■ **Task requirements**
From the line containing "used 2021 Mercedes-Benz" through the last line below, copy every line exactly, leaving out the pictures.

■ **Information supplied**
►

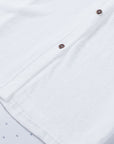 Madison Open-Front Buttons Cardigan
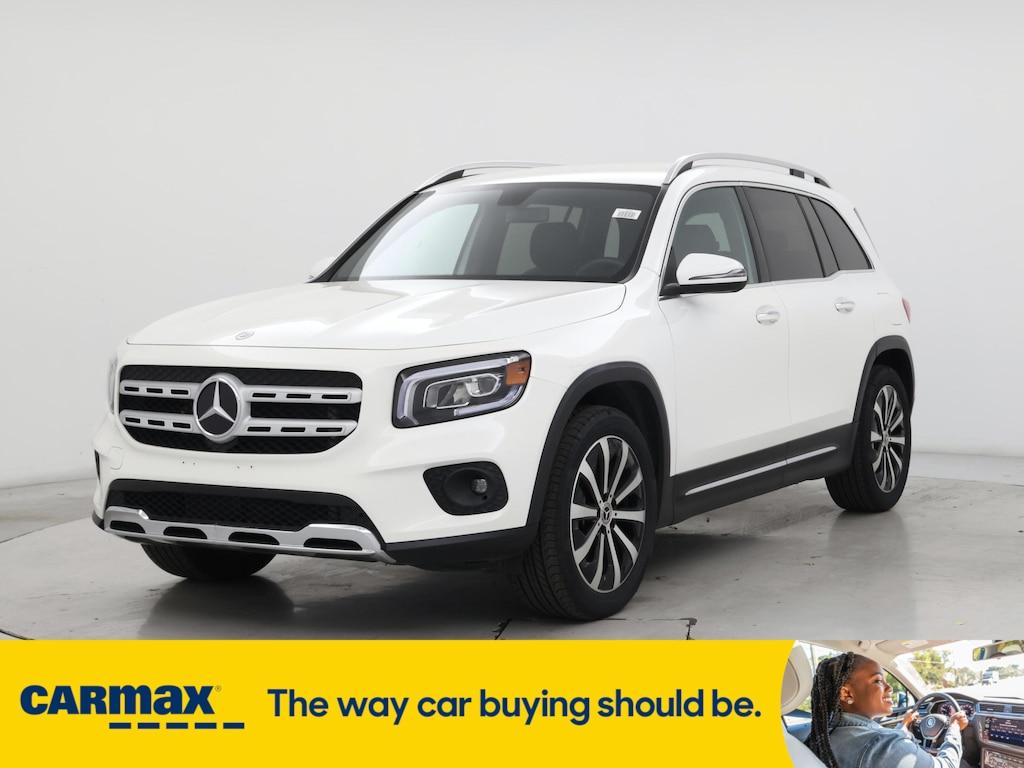 used 2021 Mercedes-Benz GLB 250 car, priced at $26,998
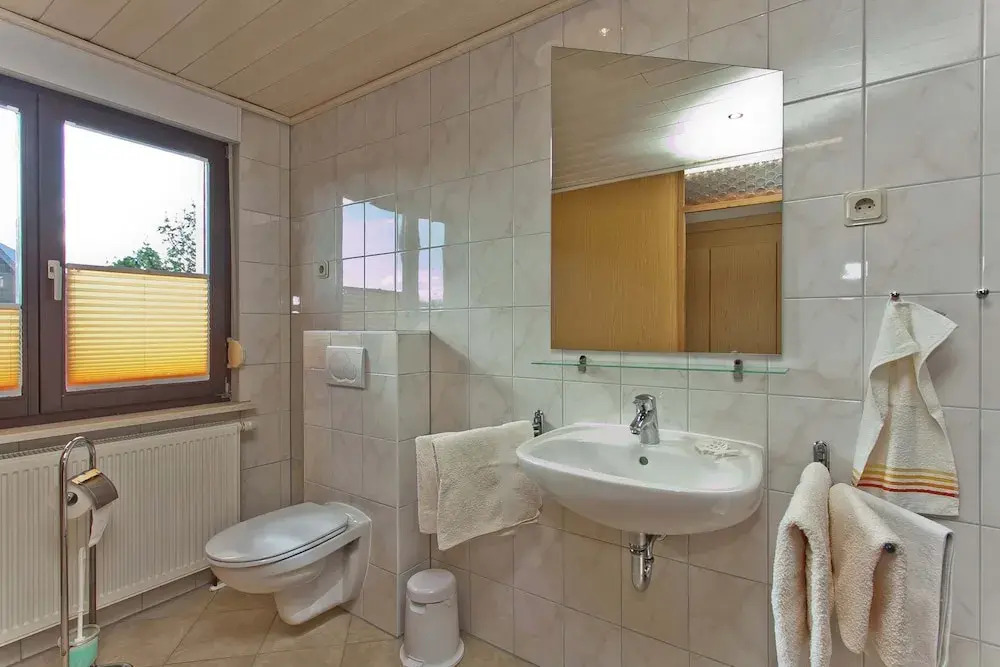Holiday Home in the Thuringian Forest With Roof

◄

■ **Exercise solution**
 used 2021 Mercedes-Benz GLB 250 car, priced at $26,998
Holiday Home in the Thuringian Forest With Roof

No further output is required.